Afterwards, he will appear at airport rallies in Winston-Salem, N.C., Albuquerque, N.M. and Ontario, Calif., before winding up his San Clemente oceanside villa where he will stay until Tuesday's election.
Standing on the steps of the "Spirit of '76" airplane parked at the Providence, R.I., airport, Nixon spoke emotionally on the same theme he stressed in Chicago.
"I want to tell you," he said, "if I receive your votes and the votes of this nation, I will serve as well as I can. If on the other hand, my friends, the verdict of the people of this nation should go to our opponent, then I will support what is best for America and not take the position that only if I win are we going to support whoever is president of the United States of America.
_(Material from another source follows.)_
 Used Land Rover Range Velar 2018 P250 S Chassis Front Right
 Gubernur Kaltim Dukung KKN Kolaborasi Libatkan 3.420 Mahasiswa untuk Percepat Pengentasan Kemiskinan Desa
"The president comes first in the policies that he will be advocating. This does not mean we will not have differences, but it does mean that in our system we debate those differences intelligently. We listen when others speak. We try and do everything that we can in campaigning, and then in serving in office.
"But once the campaign is over, let us have the ability to pull this country together and to work together for a cause that is bigger than any party and bigger than any man, and that is to make the next four years the best four years in America's history."